I also think that a detailed discussion about this non-typical setup is required (me personally would stay away from using PBR as long as I can) – feel free to consult your local dealer for a good implementation plan or StoneSoft technical support for assistance (it is difficult to imagine the whole picture and exchange details within a small forum post).
September 9th, 2009 at 3:10 pm
Hi Noah.m,
While StoneGate does have policy based routing within the product, there is an easier and cleaner way to accomplish your task. This actually comes down to the NAT rules you put in place. Simply put, add a rule for interface 4 above your OutBound LB rule. It would look something like this.

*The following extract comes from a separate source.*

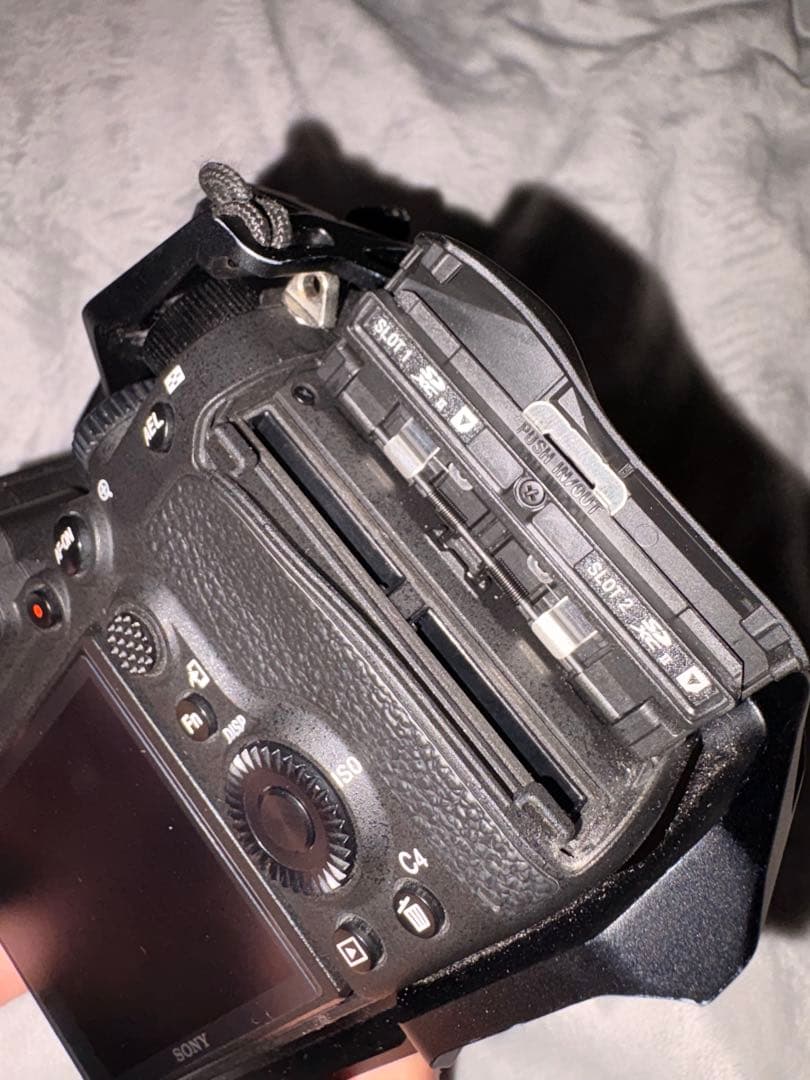 【美品】SONY α7R IV ILCE-7RM4 ボディ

Your Rule to controlling Interface 4
Src Add — Interface 4
Dst Add — Internet
Service — Whatever is needed
NAT — Dyn Src NAT to xxx.xxx.xxx.72
Your Rule for all Outbound Traffic by default (Or just Interface 3)
Src Add — Internal Networks
Dst Add — Internet
Service — Whatever is needed
NAT — Dyn Src — OutBound LB Element.
Hope this helps.
October 14th, 2009 at 8:41 pm
Hi,
I don´t understand very well the configuration of Cluster.
For example, if I have a WAN connection with this range (194.30.100.30/255.255.255.240) and a LAN with this range 192.168.1.0/255.255.255.0. I have to configure a single firewall with 194.30.100.32 & 192.168.1.2 and the other single firewall with 194.30.100.33 & 192.168.1.3
Then, when I create a new cluster node I have to put in the interface the next:
CVI -> 192.168.1.1
NDI -> Node 1 -> 192.168.1.2
NDI -> Node -> 192.168.1.3
CVI -> 194.30.100.31
NDI -> Node 1 -> 194.30.100.32 -> the ip of one of the single firewal
NDI -> Node 2 -> 194.30.100.33 -> the ip of the other single firewall
Whe I had done this, I´ll can install the policy.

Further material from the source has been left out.